Marília Furiel

Personal information
- Full name: Marília da Cruz Furiel
- Date of birth: 27 January 2003 (age 22)
- Place of birth: Manaquiri, Brazil
- Position(s): Forward

Team information
- Current team: Cruzeiro
- Number: 20

Youth career
- Iranduba

Senior career*
- Years: Team / Apps / (Gls)
- 2019–2020: Iranduba / 10 / (0)
- 2020: 3B da Amazônia / 2 / (0)
- 2021–: Cruzeiro / 43 / (12)

International career^{‡}
- 2024–: Brazil / 1 / (0)

= Marília Furiel =

Brazilian footballer (born 2003)

Marília da Cruz Furiel (born 27 January 2003), known as Marília Furiel or just Marília, is a Brazilian footballer who plays as a forward for Cruzeiro.

==Club career==
Born in Manaquiri, Amazonas, Marília began her career with local side Iranduba. On 5 August 2020, she moved to 3B da Amazônia.

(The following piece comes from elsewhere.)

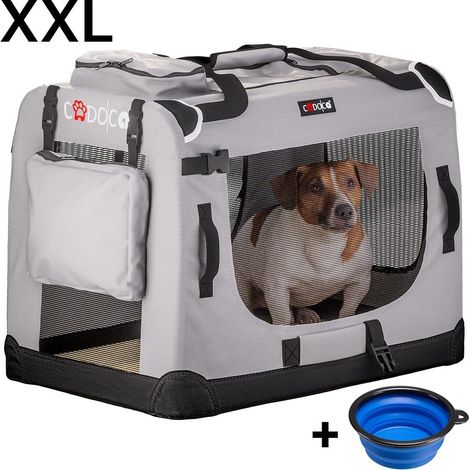 Hundetragetasche Aus Stoff Grau Xxl 90 X 60 X 66 Cm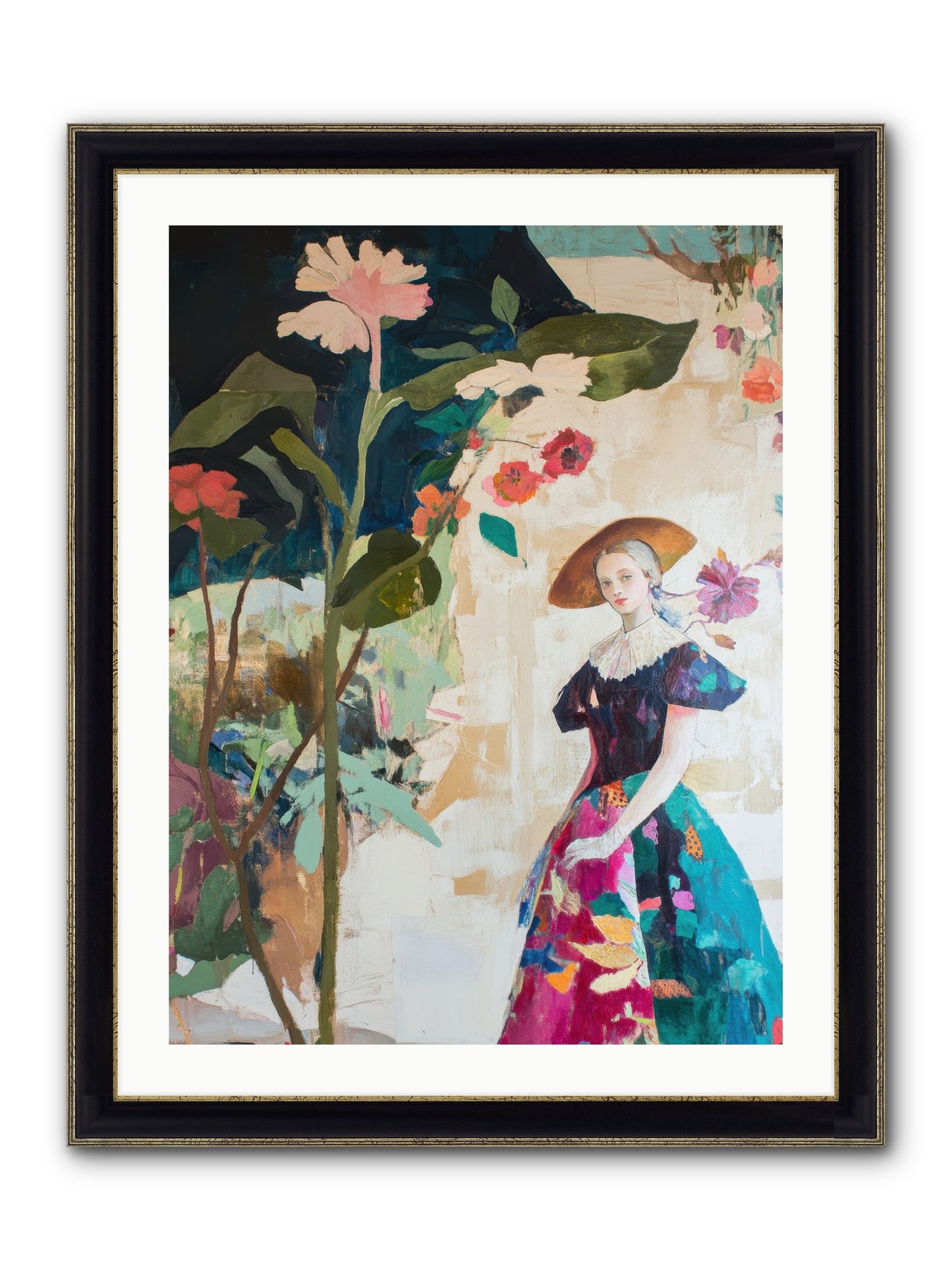 Legacy Of Seeds Framed Print - Black & Gold 24x32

On 8 January 2021, Marília signed with Cruzeiro. On 6 January 2024, after establishing herself as a starter, she renewed her contract for a further season.

==International career==
On 20 October 2024, Marília was called up to the Brazil national team by head coach Arthur Elias for two friendlies against Colombia. She made her full international debut nine days later, starting and providing the assist to Giovana Queiroz's goal in a 3–1 win at the Estádio Kleber Andrade.